It’s one of the great conundrums of the modern motoring world: is my car’s speedometer telling the truth?
None of us wants to end up with a speeding ticket when we think we’ve been travelling within the legal limit, so is a speedometer accurate and trustworthy?
The simple answer is yes.
While some much older cars might have speedos that tell fibs, any car built from the 1980s onwards will have one that is reasonably accurate.
Even allowing for wear, tear and age, a speedometer is not going to start saying you’re driving at the legal limit when, in fact, you are going faster.
Cars made in modern times are built with devices that deliberately over-read by a small amount.
This is usually not obvious at lower speeds in town or even on 40mph stretches of road.
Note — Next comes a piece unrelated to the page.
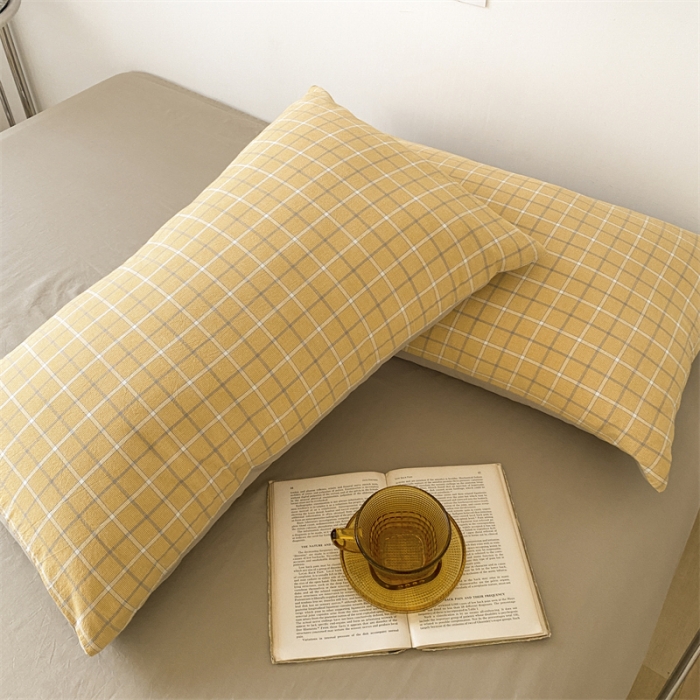 91家纺网 家纺一手货源 找家纺 蓝巢家纺2022全棉色织水洗棉单品枕套 凯瑟琳黄48*74*2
However, head on to faster roads, such as a 60mph limit or the motorway and you may notice some discrepancy between the reading and that on a satellite navigation system or app on your smartphone.
Don’t panic about this. For one thing, if the speed on the satnav or phone is lower than the one on the car’s dash, you are safely within limits.
Another point to bear in mind is satnavs and phones use GPS tracking to calculate speed based on time and distance. While this is great for military aircraft and ships, with cars on normal roads it does not account for undulations and curves.
The main reason for speedos over-reading is because car companies do not want to face legal action, whether from a driver who feels a false reading has caused them to be prosecuted, or in a criminal prosecution if someone was injured as a result of excessive speed.
So, all cars’ speedos over-read, though this has to be within a 10% margin, as it could also be dangerous be travelling too slowly on a road, causing hold-ups and frustration.
And the speedo must never under-read, so if it says 60mph, it cannot be any more than that speed.